Myofibroblastic cell activation and neovascularization predict native liver survival and development of esophageal varices in biliary atresia

Figure 1 Expression of collagen 1, α-smooth muscle actin and CD34 in biliary atresia vs control livers. Staining of collagen 1 (A, B), α-SMA (C, D) and CD34 (E, F) by immunohistochemistry. Figure A, C and E represent liver biopsies of a BA patient, who underwent Kasai portoenterostomy at the age of 54 d and figure B, D and F are liver biopsies obtained from a deceased donor (× 100 magnification). The same area of the histological tissue section is illustrated after immunohistochemistry for both subjects, respectively. Portal tracts (pt) stain intensively with collagen 1 and marked collagen 1 positive septaes (arrows) protrude towards central vein (cv) (A). In control liver collagen 1 staining is limited to portal area and endothelial lining of central vein (B). α-SMA staining shows strong immunoreactivity both in portal areas (pt) and along perisinusoidal spaces (arrows) (C), whereas in control specimen a faint α-SMA staining can be seen in biliary epithelial cells (D). Marked increase in CD34 staining is observed on portal (arrow) and centrizonal (arrowhead) area on liver biopsy of BA patient (E) compared with control (F). Summary of collagen 1 (G), α-SMA (H) and CD34 (I) immunohistochemistry in BA patients and controls. Collagen 1, α-SMA and CD34 were markedly overexpressed in BA at the time of Kasai portoenterostomy compared with controls. The results are expressed as proportion of the antibody-positive area. The box represents interquartile range, line across the box median, and the whiskers 90^th percentile range. α-SMA: α-smooth muscle actin; BA: Biliary atresia.

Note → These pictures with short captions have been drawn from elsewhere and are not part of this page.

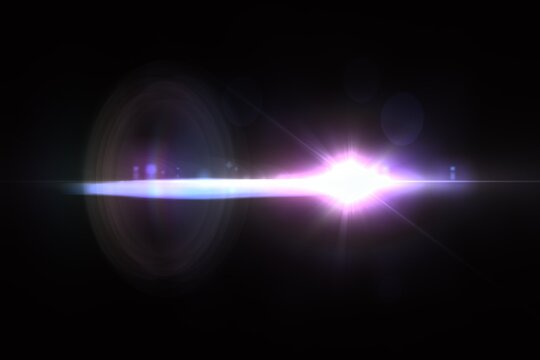 Pink Lens Flare Overlay, Pink Flare Lightburst Effect, Pink Laser Ray Flare Overlay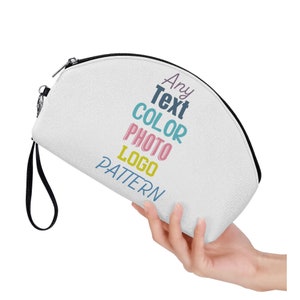 Bolsa de cosméticos curvada Bolsas de maquillaje personalizadas Diseñe su propio estuche de viaje de artículos de tocador personalizado Cualquier texto Logotipo Imagen Foto Patrón Color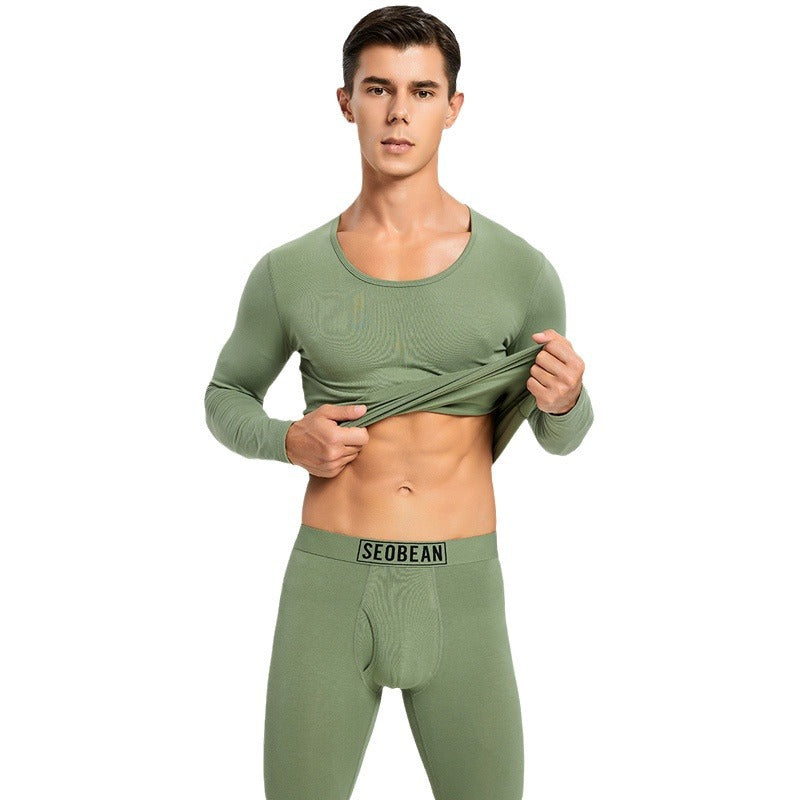 Ropa interior térmica de punto de algodón elástico, ajustada, para otoño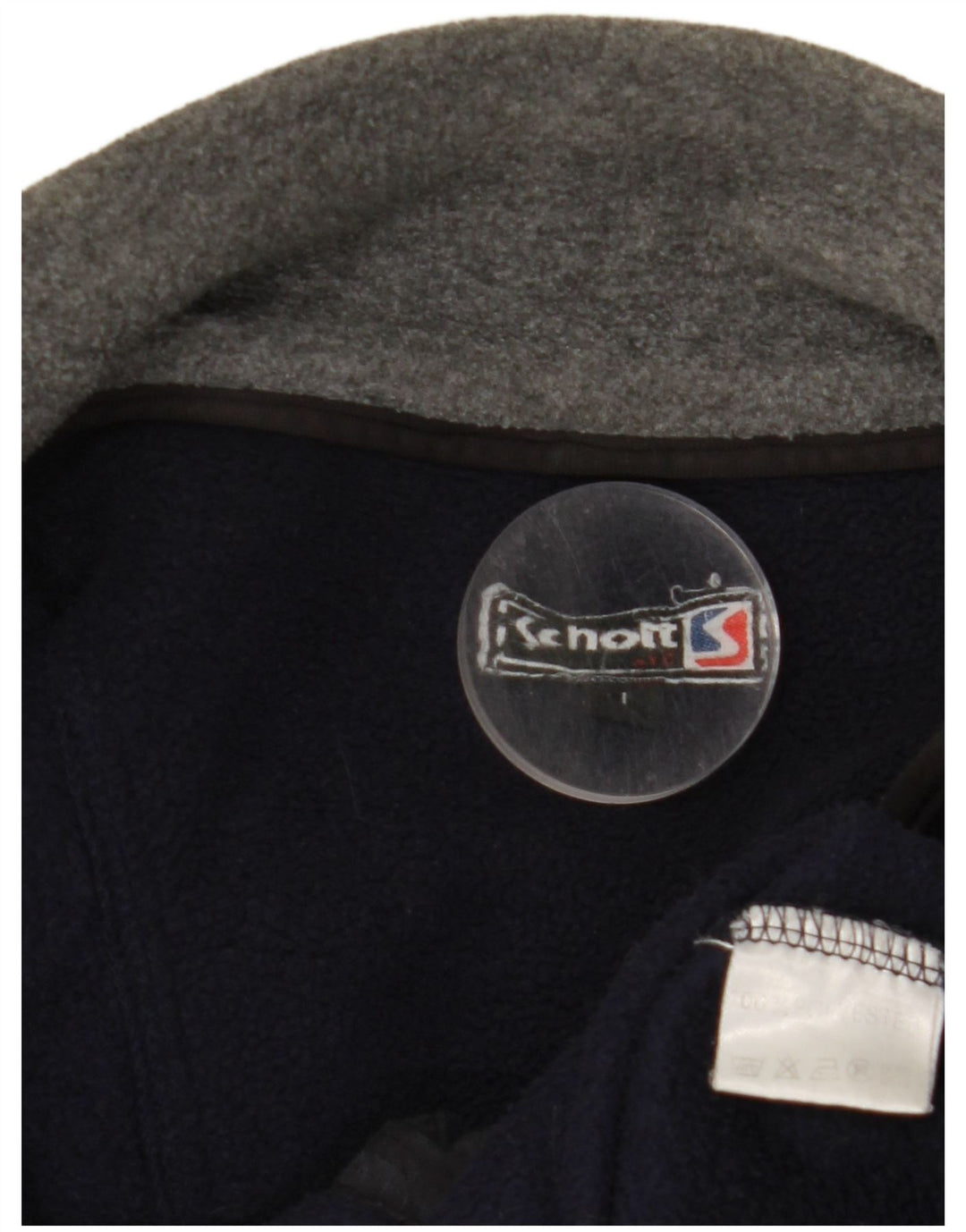 SCHOTT Mens Fleece Jacket UK 40 Large Navy Blue Polyester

Figure 2 Comparison of collagen 1 (A), α-smooth muscle actin (B) and CD34 (C) staining by immunohistochemistry between patients, who received liver transplant by two years of age and native liver survivors. The results are expressed as proportion of the antibody-positive area. All of the studied proteins were overexpressed at the time of Kasai portoenterostomy in patients, who were transplanted by two years. The box represents interquartile range, line across the box median, and the whiskers 90^th percentile range. NL: Native liver; LT: Liver transplant; α-SMA: α-smooth muscle actin.

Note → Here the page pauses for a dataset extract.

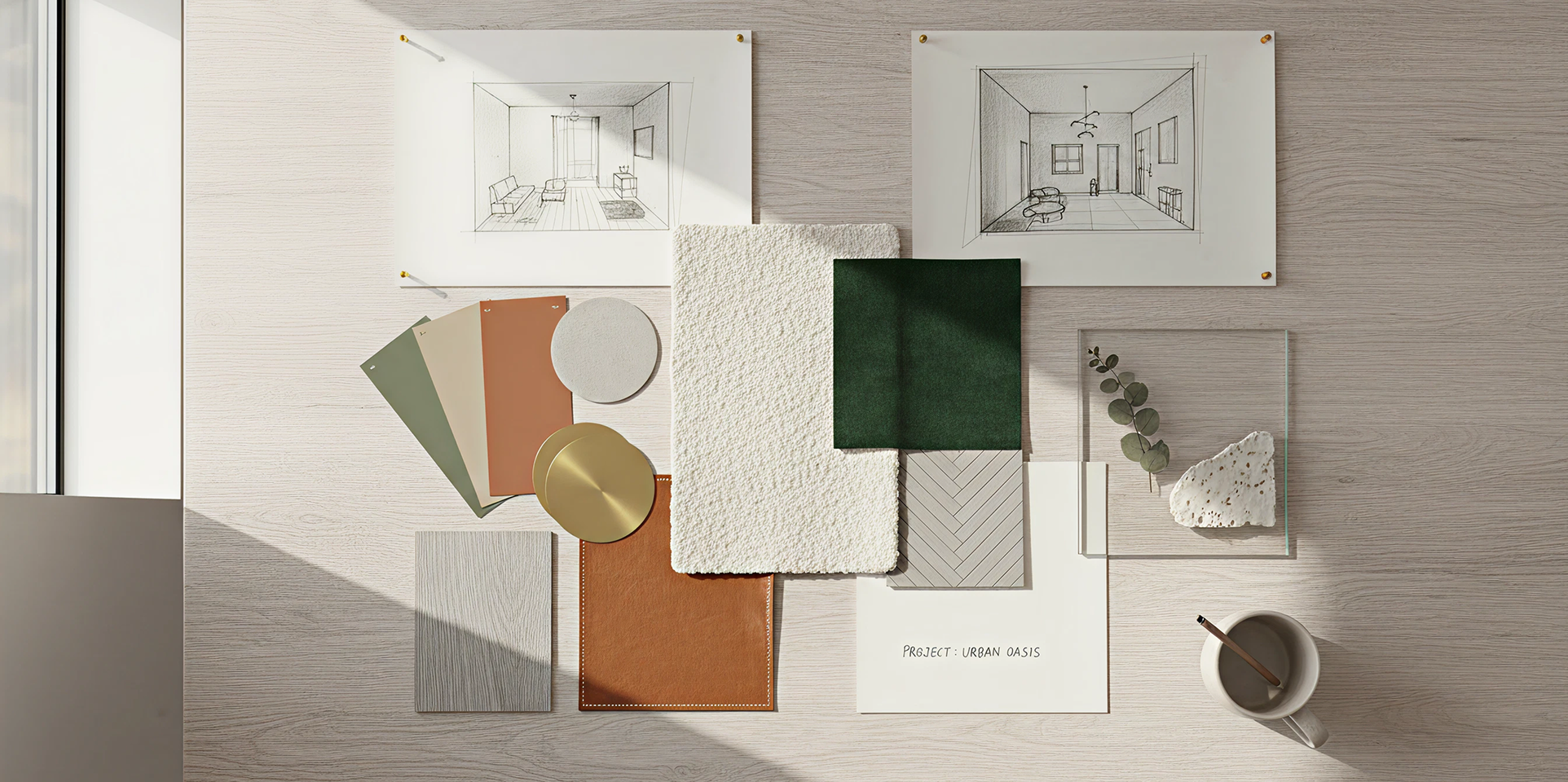 Mood board and concept materials for an interior design project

Figure 3 Correlation between the age at the time of portoenterostomy and α-smooth muscle actin expression. A significant correlation was seen using Spearman’s rank correlation test (r = 0.758, P < 0.0001). α-SMA: α-smooth muscle actin; PE: Portoenterostomy.

Figure 4 High magnification (× 400) images of CD34 immunohistochemistry on centrizonal region. There are multiple microvessels (arrows) around central vein (cv) in biliary atresia patient who underwent Kasai portoenterostomy at the age of 51 d (A) whereas only endothelium of central vein is stained in control liver (B).